Afghanistan collapsed. U.S. alliances won't.
Why the fall of Kabul is unlikely to damage America's relations with the rest of the world
America's European allies are not happy about the withdrawal of U.S. forces from Afghanistan. In a speech last week, the EU's foreign policy official Josep Borrell described the situation as a "catastrophe." Borrell is not the only European critic. German politician Armin Laschet, who leads the ruling Christian Democratic Union, called recent events "the biggest debacle NATO has suffered since its founding." Even traditional supporters of the U.S. in the U,K,'s Conservative Party have called for re-evaluating trans-Atlantic relations. "We need to think again about how we handle friends, who matters, and how we defend our interests," tweeted Tory MP Tom Tugendhat.
Biden's domestic opponents have seized on such remarks to mount a broader criticism of the administration. In an interview over the weekend, former Secretary of State Mike Pompeo asserted that "this debacle will certainly harm America's credibility with its friends and allies." The underlying idea, which has adherents in both parties, is that American power depends on the perception that the U.S. is capable, determined, and reliable. If we don't uphold our public commitments the argument goes, why should anyone take us seriously?

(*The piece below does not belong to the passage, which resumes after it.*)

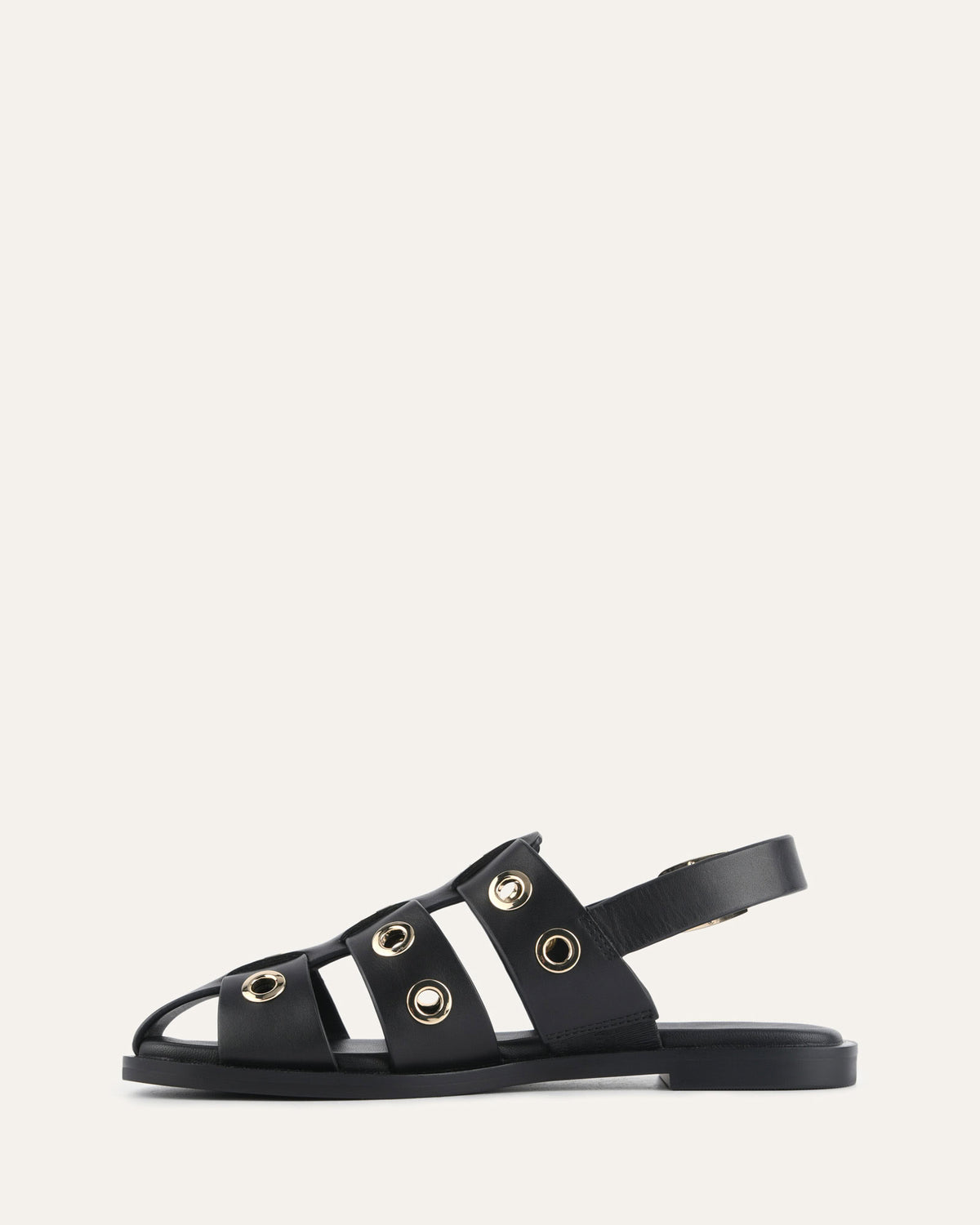 SAFFI FLAT SANDALS BLACK LEATHER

It's not crazy to be concerned about potential damage to American credibility. When it comes to Afghanistan, though, there's less to worry about than meets the eye. The withdrawal has been messy and pressure is mounting to extend the evacuation beyond August 31. In the longer term, though, the fall of Kabul is unlikely to damage America's relations with the rest of the world.
One reason for optimism is that it's not clear that keeping commitments is the basis of states' international reputation. In an influential 2010 book, political scientist Jonathan Mercer argued that shifting policies had little influence on perceptions of credibility. Public debate on these issues is dominated by the so-called Munich Analogy, which suggests that capitulation necessarily undermines friends and emboldens foes. But analysis of a wider range of examples, such as the Cuban Missile Crisis, suggests that states can gain credibility even if they back down in a particular encounter.
And the Munich Analogy is a bad fit for Afghanistan. Rather than failing to make good on American promises, the Biden administration is keeping them. The deal to withdraw U.S. forces was concluded in February 2020 by the Trump administration. The current goal of withdrawing U.S. personnel by August 31 is a postponement of the original May 1 deadline. Rather than wavering on solemn promises to secure a temporary advantage, the Biden administration is pursuing a long-announced goal that extends across parties and administrations. In that respect, it's conduct is the opposite of Munich.
Most important, there's little evidence European critics of the withdrawal believe what they're saying about a loss of confidence in the United States. If they did, they might take greater responsibility for their own defense instead of relying on American manpower, logistics, and technology. Yet France and the U.K. are the only large European countries that meet their own commitments to spend at least 2 percent of GDP on the military. The U.S., by contrast, devotes close to 4 percent of its GDP to military purposes.
Germany is a particular laggard. Although it is Europe's largest economy and industrial leader, its military budget has only increased somewhat over the last few years, and only after heavy pressure from the Trump administration and embarrassing revelations about the incapacity of German forces. Under these circumstances, complaints about American policies in Afghanistan are little more than virtue signalling. Germany, and the EU more generally, shows neither the desire nor the ability to chart its own course.
To the contrary, the pattern of low spending and indifference to proposals for an EU army suggests Europeans believe that the U.S. will continue to defend them from the genuine challenge of Russia. Far from undermining NATO, the Afghanistan withdrawal restores its core purpose of maintaining stability in Europe. If credibility comes from devoting significant resources to protecting clear interests, getting out of a costly, lengthy war for nebulous purposes is helpful rather than harmful.
America's main rival isn't in Europe, though. Withdrawal from Afghanistan is the culmination of efforts extending back to the Obama administration to refocus U.S. foreign policy on China. In a speech in Singapore on Monday, Vice President Kamala Harris denounced Beijing's efforts to "coerce, to intimidate, and to make claims to the vast majority of the South China Sea."
Testing the administration's vulnerability amidst the continuing Afghanistan evacuation, Chinese officials questioned whether Asian states should believe U.S. promises. "The United States always tries to use rules and order to justify its selfishness and bullying," foreign ministry spokesman Wang Wenbi said in a press conference. "But now how many people will believe it?" Maybe he should ask Taiwan, which also spends less than 2 percent of its GDP on defense, despite the risk of invasion from the mainland. If dollars speak louder than words, they still believe in American credibility, too.